Christianity, unlike the Eastern religions I was weaned on as a young adult, appeals to and requires both physical and historical evidence — archaeological discoveries, geographical locations and recorded customs, real figures and events, written history, laws and instruction — as well as heart change, spiritual transformation, and personal revolution. The balance between those two — Internal and External witness — is incredibly important to the validity and uniqueness of the Christian faith.

As a spiritual seeker in the late 70’s, it was Eastern religion’s lack of historical, external, rational grounding that inevitably left me unsatisfied.
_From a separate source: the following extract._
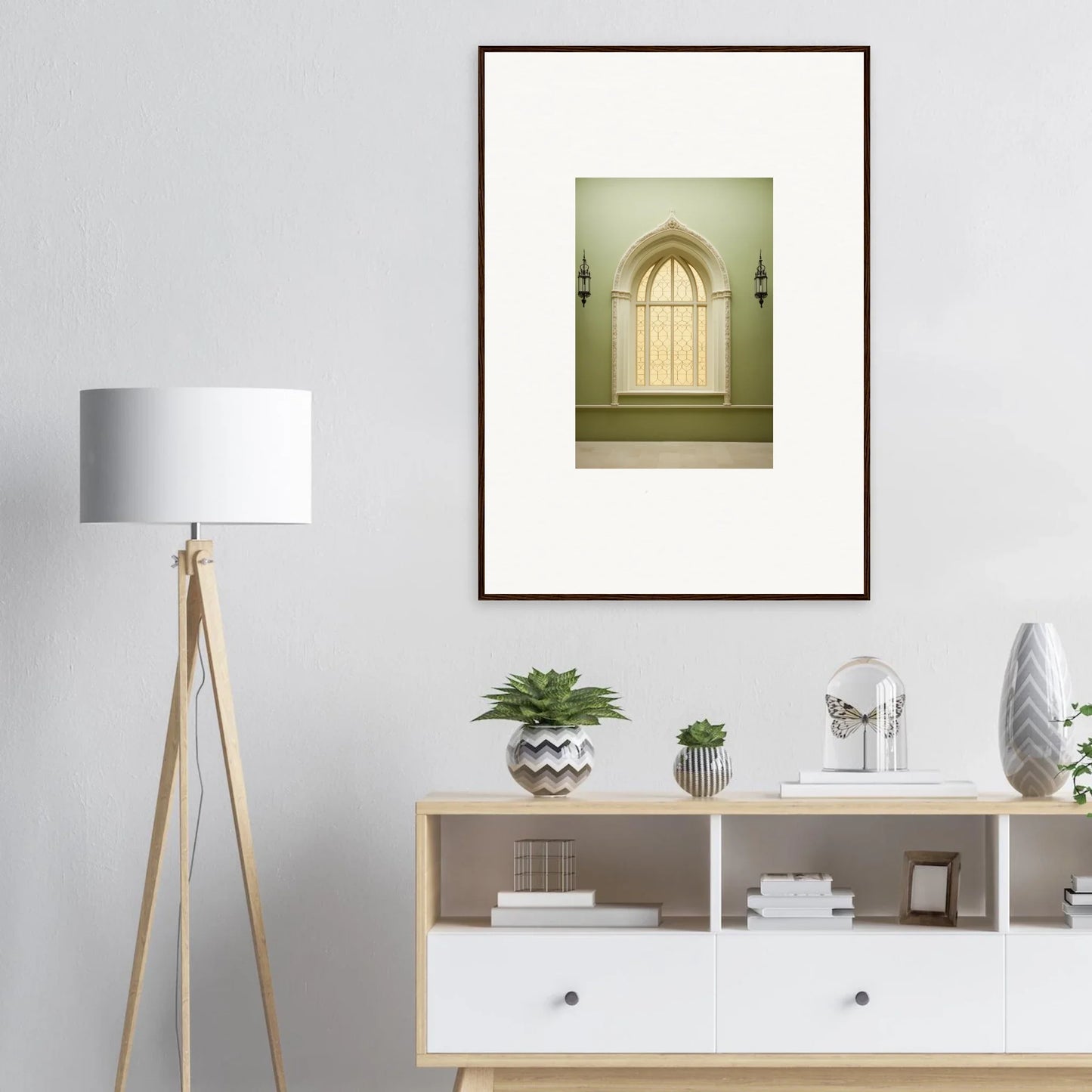 Framed wall art of an arched doorway with sconces in Opalescent Tranquility Dwelling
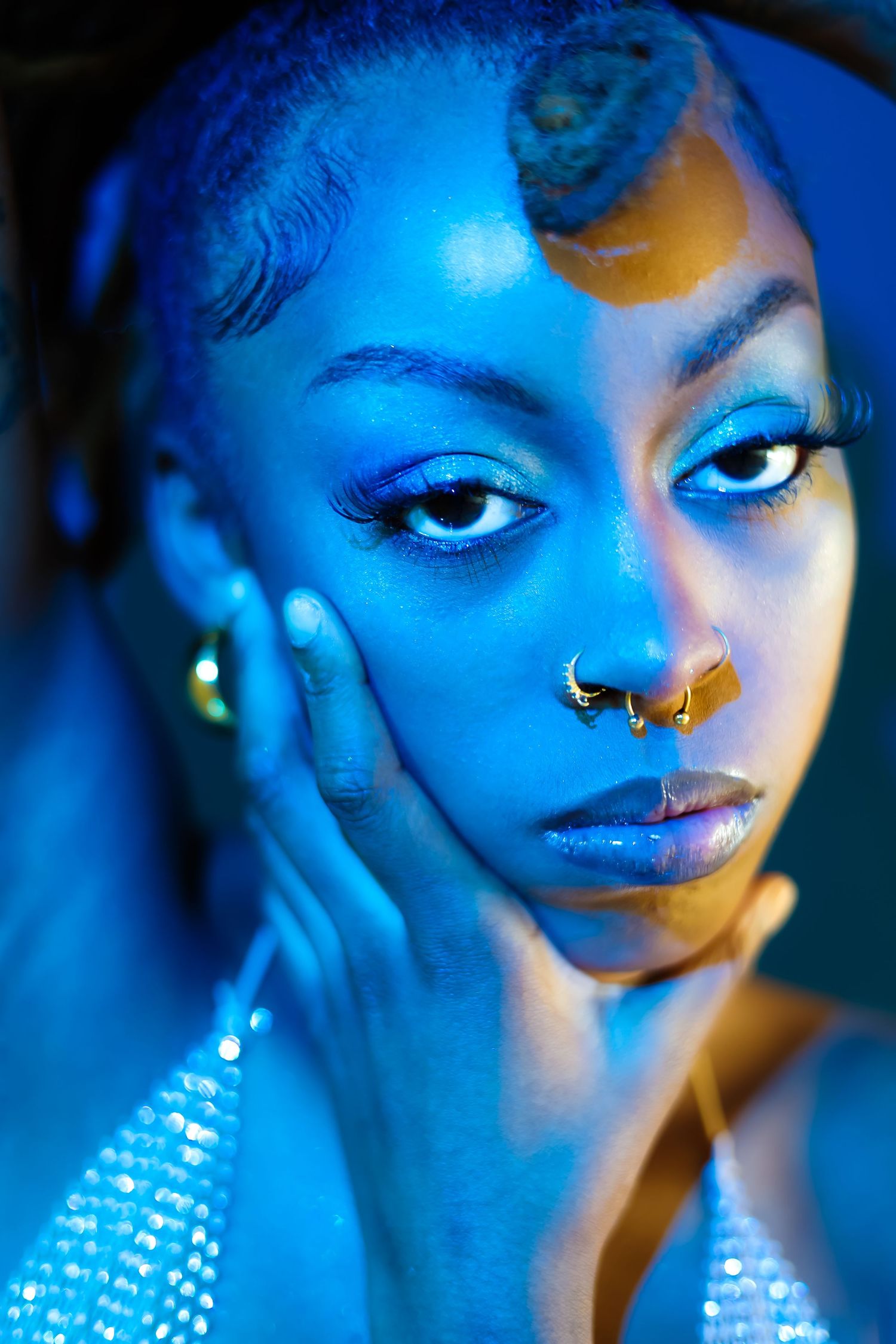 Artistic portrait with blue lighting showcasing sparkly jewelry and dramatic makeup.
In his book, Autobiography of a Yogi, when Paramahansa Yogananda speaks of things like gurus levitating or transporting, it inspires but rings somewhat hollow. Why? There just isn’t enough actual evidence for it. Whereas, in the case of the Resurrection of Christ for example (the central claim of Christian testimony), there were over five hundred witnesses (I Cor. 15), many of whom would go on to be martyred, substantive documentation of the names and events in question, as well as references to verifiable customs, locations, and figures. Furthermore, the alleged event propelled a ragtag group of followers without political or financial clout to explode onto the historical scene and quickly become one of the world’s great religions, influencing human history in more ways, perhaps, than any other.
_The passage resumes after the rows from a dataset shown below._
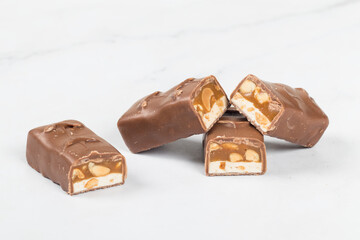 Candy bar. Nougat, caramel with peanuts, in chocolate. Close-up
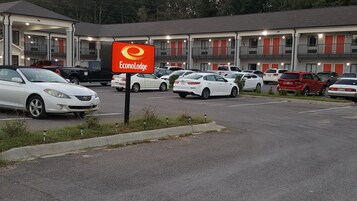 A parking lot with several cars, a sign for Econo Lodge, and a building with balconies and red doors.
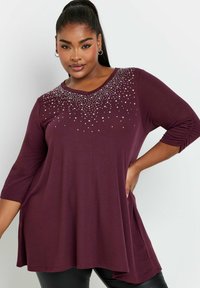 Maglia a maniche lunghe bordeaux con scollatura a V, impreziosita da una gradazione di borchie argentate, caratterizzata da una vestibilità ampia e dettagli con maniche arricciate.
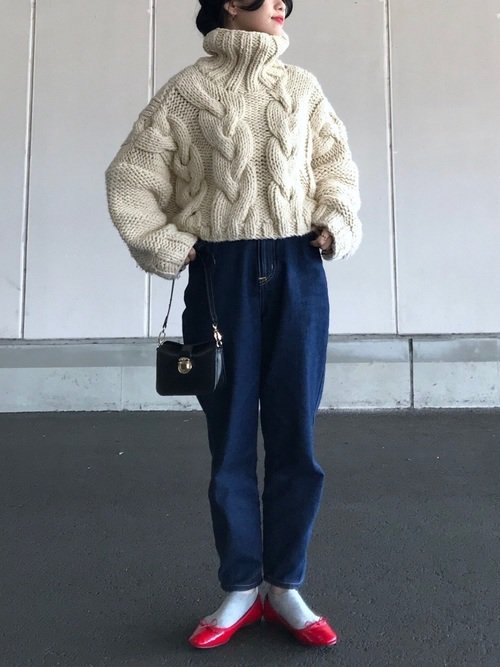 白いタートルネックニットにデニムを穿いた女性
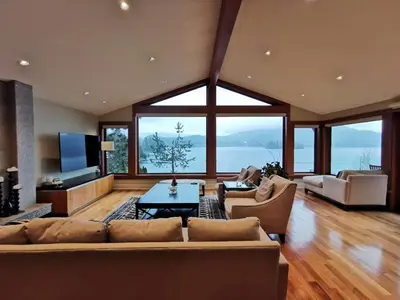 a large living room with a couch and a table at Deep Cove Stunning Waterfront Whole House in North Vancouver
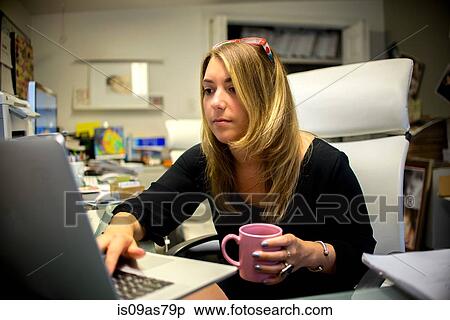 Young woman in office, sitting at desk, holding coffee cup, using laptop View Large Photo Image Stock Photography - Young woman in office, sitting at desk, holding coffee cup, using laptop. Fotosearch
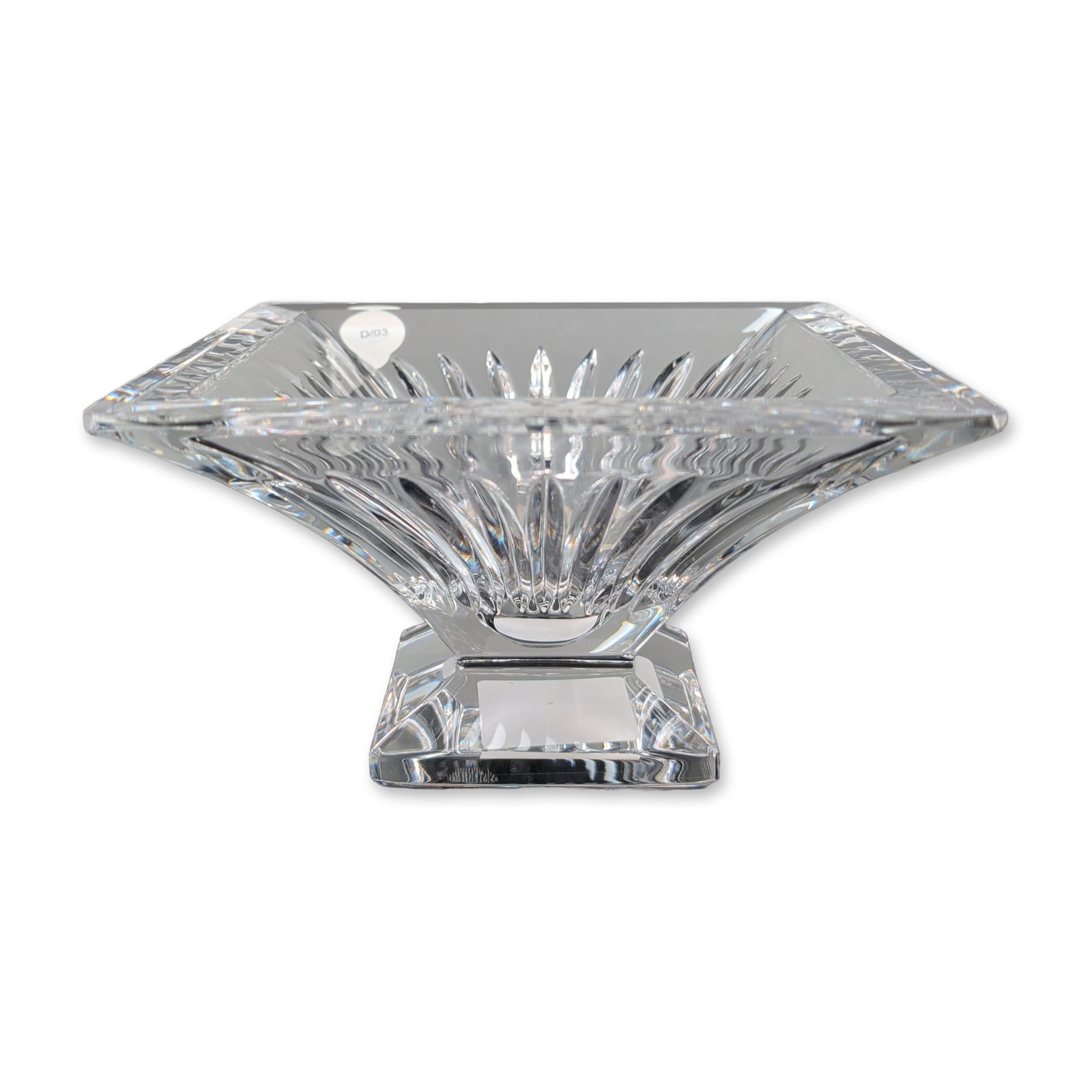 Waterford Clarion Lead Crystal Pedestal Bowl: Waterford lead crystal square pedestal bowl in the Clarion pattern. Design features deep radial wedge cuts extending from the center toward the corners. The vessel is elevated on a stepped square base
Pursuing enlightenment (or detachment) — a central tenet of many Eastern religions — is an entirely subjective experience. As a spiritual seeker in the late 70’s, tail-end of the 60’s counter-cultural shifts, most of my religious / spiritual experiences had been subjective. It was research into the authenticity and reliability of the Bible which rocked my world. I quickly discovered that there was more to Christianity than just a bunch of outlandish claims made in a dusty old document. There was objective evidences! Of course, this didn’t make Christianity infallible and absolutely compelling. I mean, many people look at the evidence and reject the claims of Christ and Scripture. However, it was Christianity’s emphasis upon subjective and objective evidences that made it both open to criticism and, ultimately for me, satisfying.
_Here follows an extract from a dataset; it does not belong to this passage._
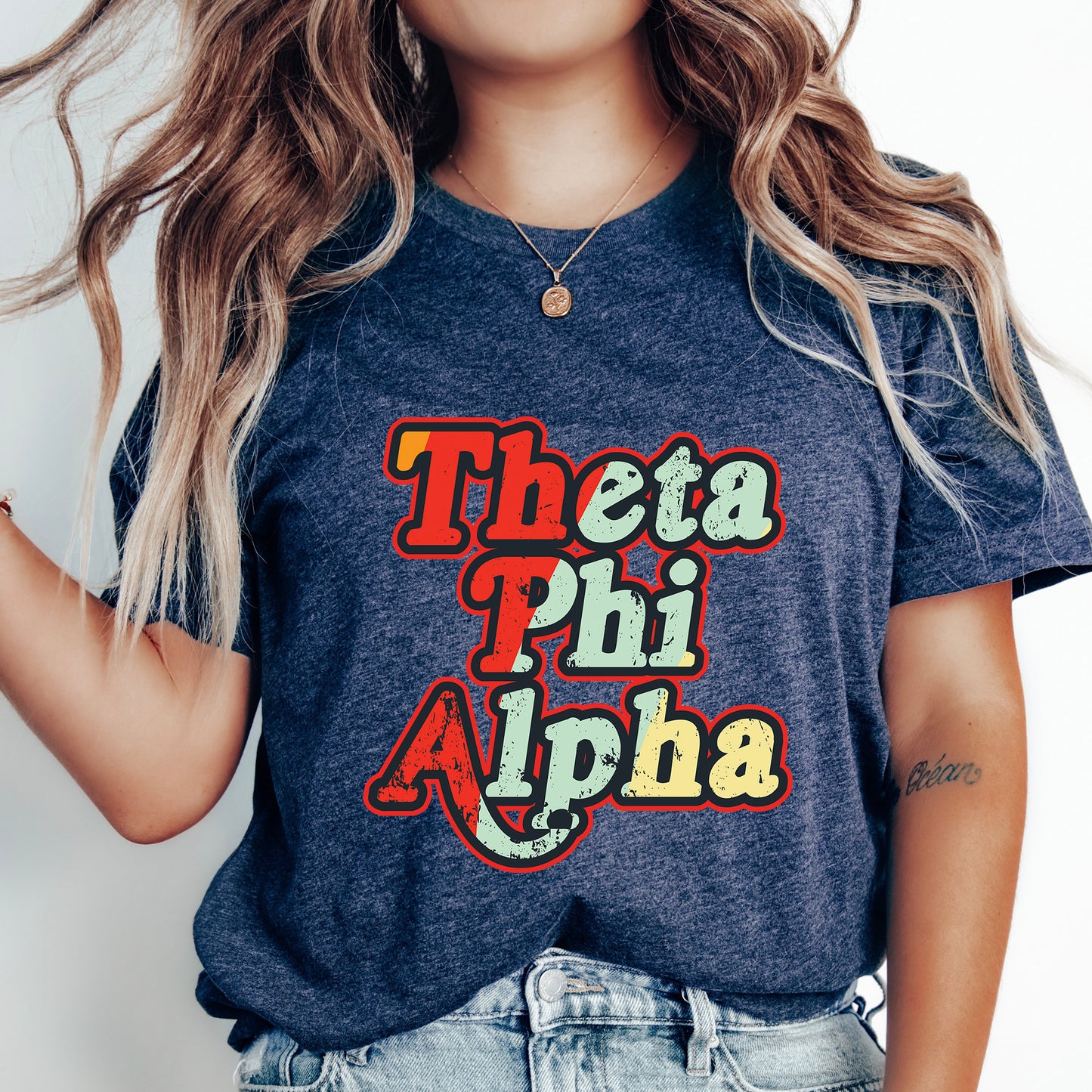 a woman wearing a t - shirt that says thea phi alpha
I’ve since come to believe that Christianity, unlike other world religions, presents a significant, compelling balance between objective and subjective witness, reason and intuition, proofs and faith. Or to put it another way, Christianity appeals to both meta-narratives and micro-narratives—meta-narrative being a grand, all-encompassing story, theory, or point, micro-narrative being a personal, individual story that may or may not buttress the bigger point. However, those external evidences (biblical meta-narrative) didn’t mean much until I had an internal experience, change of heart, revelation (personal micro-narrative).

Some (perhaps most) religions rely heavily on internal evidence for their validation. I personally know quite a few Mormons. If you ask a Mormon how they know Mormonism is true, they will often mention a “burning in the bosom” experience. This internal witness is incredibly important to the average Mormon’s testimony. While evangelical Christians consider Mormonism heterodox, Christians often (I think mistakenly) approach their faith in a similar way. They will say, “I believe Christianity is true because I know it in my heart, I’ve changed, and God has spoken to me.” Of course, God may indeed have spoken to them! But how is this any different from the Mormon, the Hindu, or the Unitarian Universalist who makes a similar claim? The problem is obvious: Any beliefs can be justified if they don’t require external validation.

On the other hand are religions that rely too heavily on external evidence, tradition, or custom. There is no revelation required, just compliance; a shell of ritual devoid of transformation. Yet when you ask for validation, persuasion is lacking. So an angel spoke to Mohammed or Joseph Smith. So Buddah was enlightened. So the Maharishi spoke to an ascended master a long, long time ago. So the fundamentalist cult leader claims he is receiving direct messages from God. The question is how are these claims to authority and revelation tested? How is Mohammed’s credibility as a prophet tested, Buddah’s status as an enlightened master validated, or Christ’s claim to deity verified?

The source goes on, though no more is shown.